(Extracted data entries)
--------

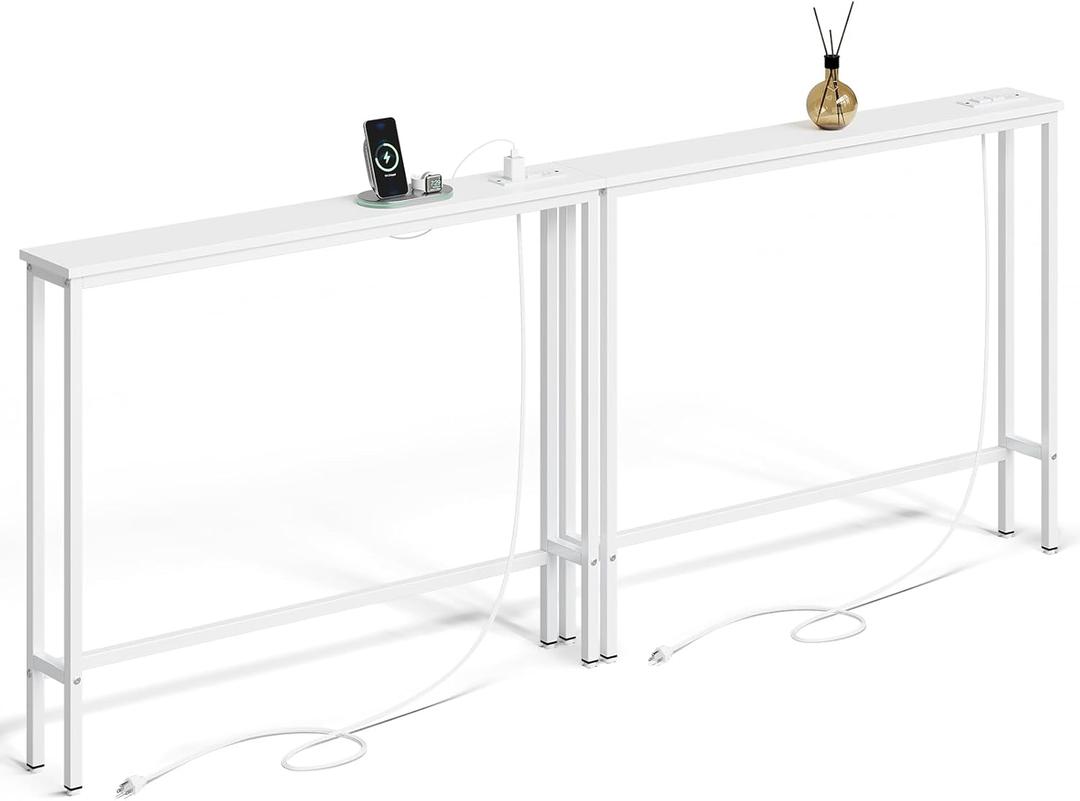 ELYKEN 2 Pack 5.9" Narrow Console Sofa Table with Power Outlets, 5.9" Dx39.4 Wx31.1 H Long Couch Table with Metal Frame and Charge Station with 6.5 Extension Cord, White (5.9"D x 78.8"W x 31.1"H)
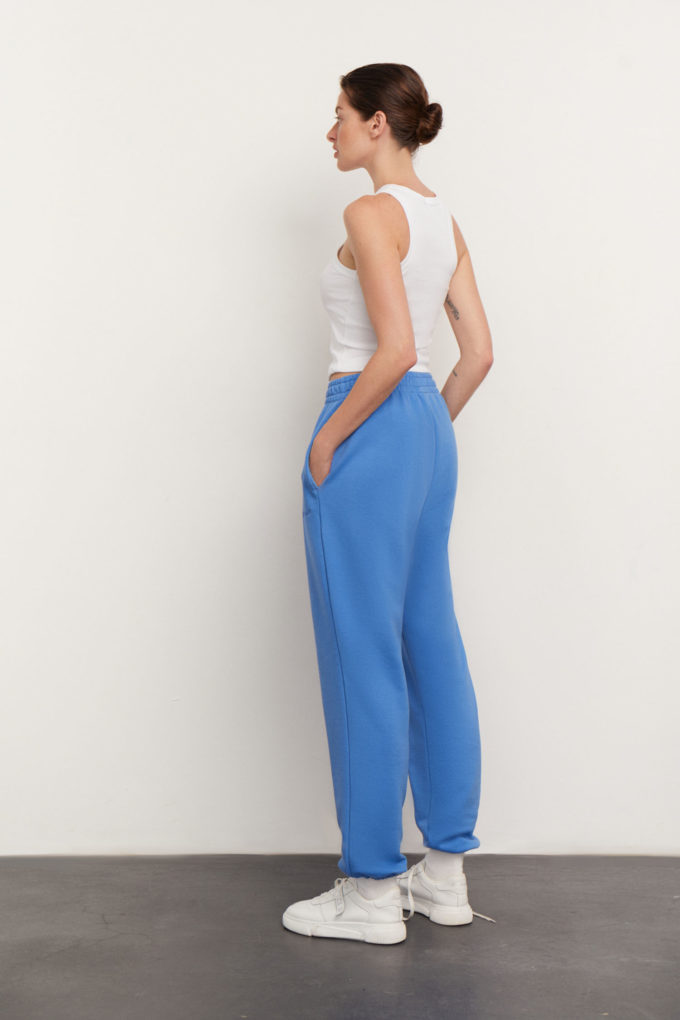 Jogger pants with embroidery in blue photo 2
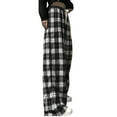 thumbnail image 1 of VNKIDY Women's Casual Pants Plaid Pattern Wide Leg Pants Drawstring Waist Comfortable Fabric Trousers For Casual Daily Outdoor Leisure Activities Stylish Trousers, 1 of 9
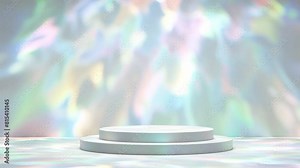 psychedelic product display for e-commerce sale discount with liquid background 3d rendering animation tripping 70s effect
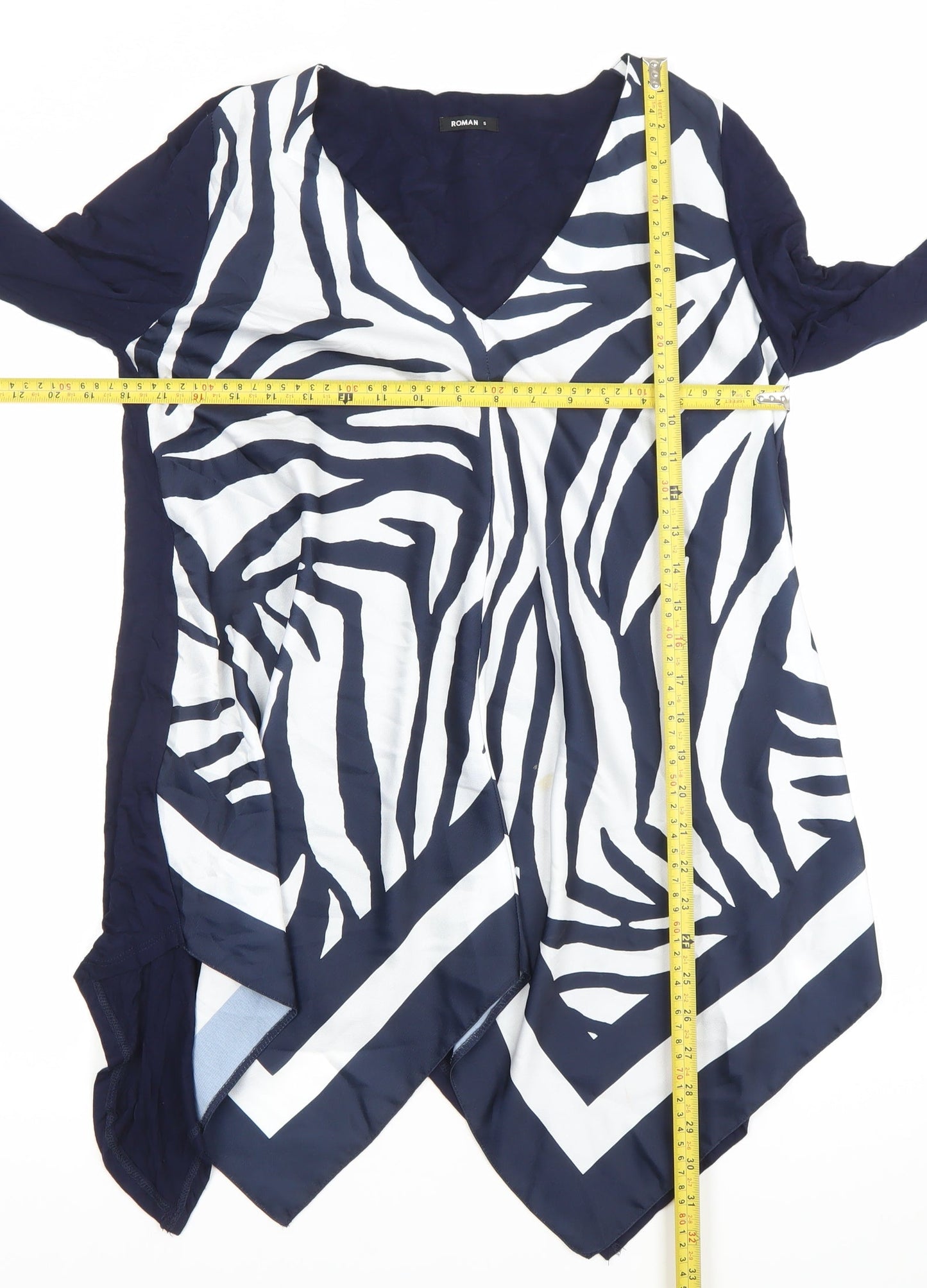 Roman Womens Blue Zebra Print Tunic Blouse Long Sleeve S V-Neck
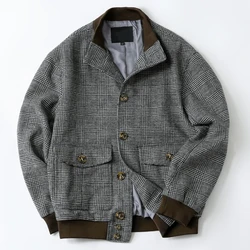 Men's Type A-1 Tweed Bomber Jacket Houndstooth Pattern Military Style Outwear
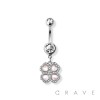 CLOVER FLOWER DECOR CHARM 316L SURGICAL STEEL NAVEL BELLY RING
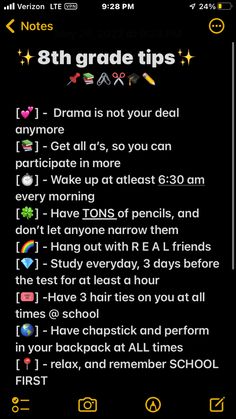 an iphone screen with the text 8 th grade tips on it and other things to do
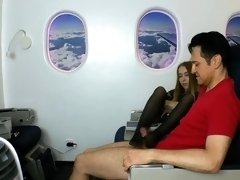 stewardess nylon footjob in airplane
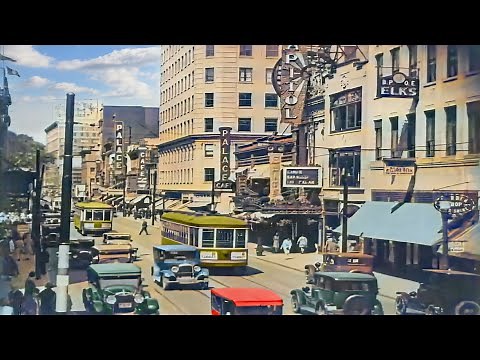 Montreal, Canada 1930s in color [60fps, Remastered] w/sound design added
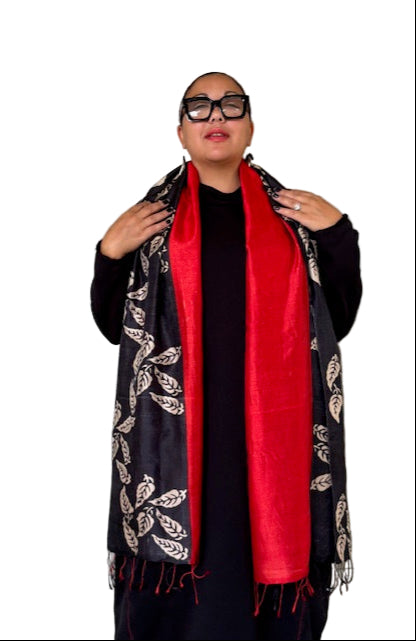 Red Trimmed Mulberry Silk Scarf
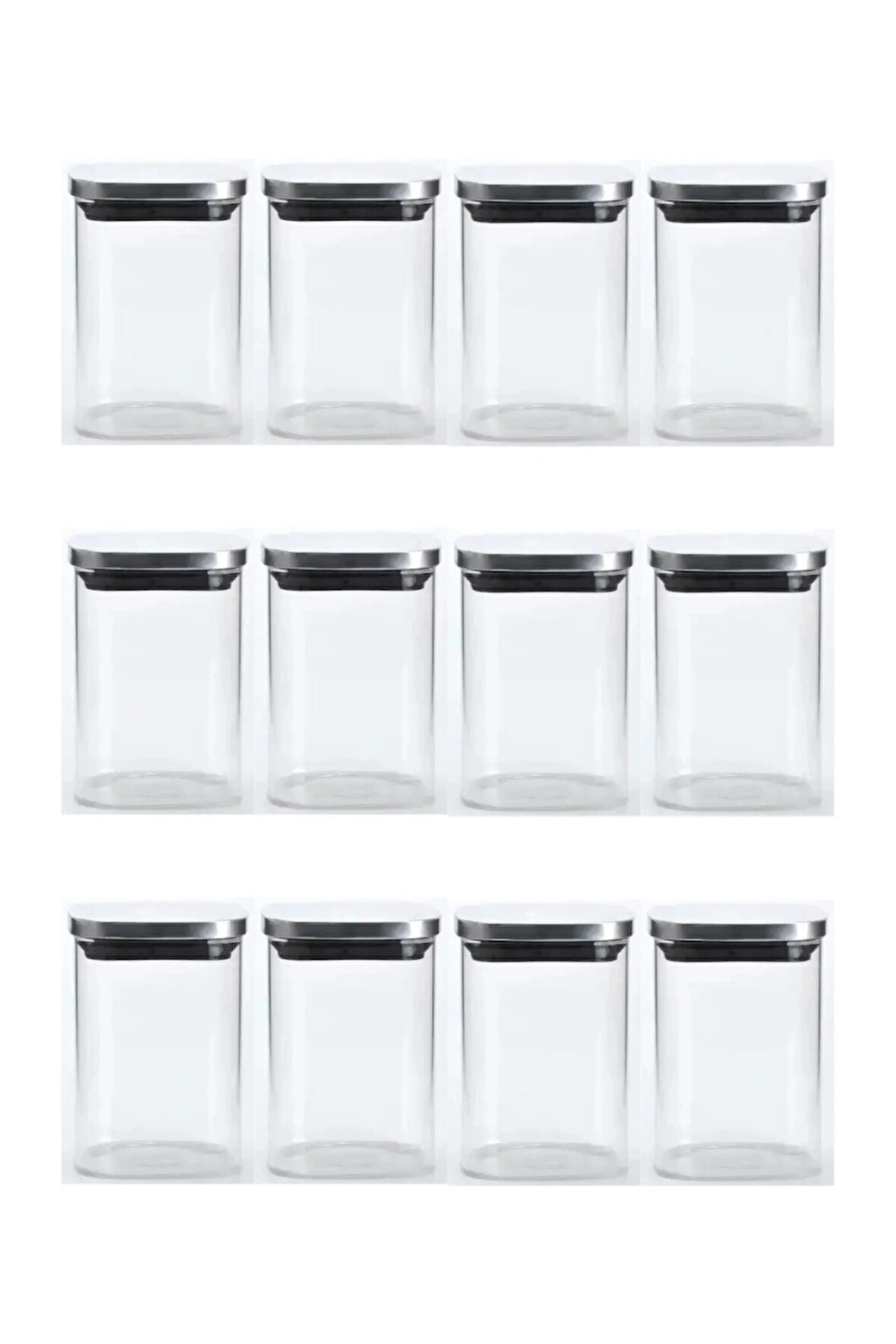 Vakum Krom Kapaklı Kare Cam Kavanoz 6,5x10,5 Cm - 300 Ml Cam Baharatlık Saklama Kabı 12 Adet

--------

**What you need to do**
Starting with the line that contains "Red Trimmed Mulberry Silk Scarf", give the lines again exactly as they appear through the last line of the data, pictures excluded.

**Result of the exercise**
 Red Trimmed Mulberry Silk Scarf
 Vakum Krom Kapaklı Kare Cam Kavanoz 6,5x10,5 Cm - 300 Ml Cam Baharatlık Saklama Kabı 12 Adet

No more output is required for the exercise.